’Tis the season for New Year’s resolutions, and as students look to start a new term we have put together a few suggestions to really make it count. Whether you’re at school or university, healthy habits and good planning can help you enjoy and benefit from every moment.
Enjoy the process
Grades are important, but university is about absorbing the information, not just passing exams. With that in mind, resolve to enjoy the process – the reading, the debates, listening to your peers, the discussions and exploring beyond the curriculum.
Plan for work and play
Whereas school might have focused heavily on grades, university is about a balance between work and life. Lots of learning is done in the classroom but even more is done outside of it, but academically and in terms of how you manage everything from your social life to your rent and your reading list. They’re life skills to take from uni and into the world beyond… you might want to invest in a diary.
Practice healthy habits
Our physical health has a direct impact on our mental health as well as our ability to concentrate and perform well academically. Eating well isn’t always easy on a student budget but you can look to make healthier choices. Drink a little less alcohol, batch cook easy healthy options like soups and stews, and walk wherever you can instead of hopping on public transport. Little changes can make a big difference.
Learn from your friends
All that time you’re spending with those amazing, interesting people at university – put it to extra good use by engaging in a debate around topics you’re studying and adjacent topics. You never know what you will learn or what other perspectives you will be able to tap into.

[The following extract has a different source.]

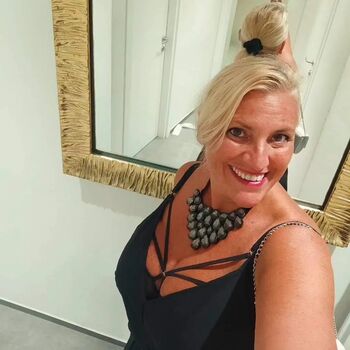 Full leaked Laura leonardi private onlyfans photo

Does anyone ever get enough sleep? Students are known for playing hard as well as working hard, but make sure you get some rest as well. Sleep is essential for cognitive function, and especially for learning. Dr. Matthew Walker, a sleep scientist at the University of California has said:
“We’ve learned that sleep before learning helps prepare your brain for initial formation of memories … and then, sleep after learning is essential to help save and cement that new information into the architecture of the brain, meaning that you’re less likely to forget it.”
Don’t put things off
In the words of Benjamin Franklin, “Don’t put off until tomorrow what you can do today.” Procrastination is an art form that most of us master as students, but it doesn’t get us anywhere. While it’s easy to say and harder to do, try to adopt an approach to studying and coursework that helps you stay on top of things instead of pulling a series of all-nighters at the last minute. It will lead to better learning, better grades and it will be far, far better for your mental health.